De 2010 à 2013, le gouvernement a mis en place une série de mesures sous le signe de l’austérité. Il s’est d’abord attaqué aux dépenses dans la fonction publique. “Les fonctionnaires étaient relativement bien payés par rapport au secteur privé et leurs salaires étaient parmi les plus élevés de la zone euro”, précise Ricardo Cabral, professeur d’économie à l’École d’économie et de gestion de Lisbonne. A la clé : une baisse significative de 27 %. Le taux de TVA passe, lui, de 20 à 21 %, tandis que l’âge de départ à la retraite est relevé en 2013 à 66 ans et 5 mois, contre 65 ans auparavant. A l’heure où le NFP et le Rassemblement national disent vouloir détricoter la dernière réforme française en la matière, le cas pratique portugais plaide pour le chemin inverse. L’effort a ensuite été maintenu pendant douze années consécutives, sans relâcher la pression. “Nous savons que les tentatives d’ajustement budgétaire soudaines et concentrées sur une seule année finissent souvent par se retourner contre leurs auteurs “, souligne Ricardo Reis. Le locataire de Matignon est prévenu.

Une économie chamboulée

Néanmoins cette cure prolongée d’austérité budgétaire n’a pas été sans conséquences. “L’économie portugaise est devenue de plus en plus centrée sur les secteurs à faibles productivité et salaires, comme le tourisme ou la construction. Il y a par ailleurs des problèmes dans le fonctionnement de l’Etat et des services publics”, liste l’économiste José Reis, professeur à l’université de Coimbra. Le Portugal a été contraint de réduire de manière considérable l’investissement public, délaissant notamment sa politique du logement qui se retrouve aujourd’hui dans une situation bien plus critique qu’en France.
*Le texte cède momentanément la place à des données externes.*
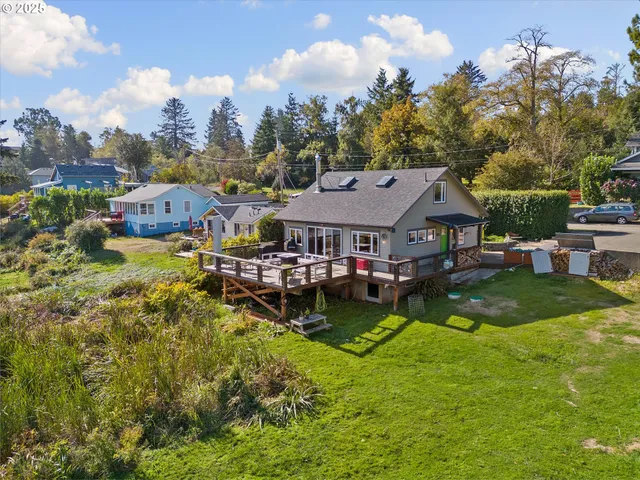 an aerial view of a house with swimming pool and a yard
“En encourageant le tourisme, qui représente de 15 à 20 % du PIB, à la mode Airbnb, beaucoup de biens à vendre ou à louer ont été retirés du marché. Le fait d’exonérer d’impôts les retraités étrangers pendant dix ans a également diminué le nombre de biens sur le marché et les loyers sont aujourd’hui très élevés”, pointe Eric Pichet, spécialiste des finances publiques à la Kedge Business School. Une autre voie aurait-elle été possible ? “Au cours de cette période, l’économie, la société et l’Etat ont été mis au service de la dette”, relève José Reis. Un alignement des volontés dont on peine à voir le début du commencement dans les rangs de l’Assemblée nationale.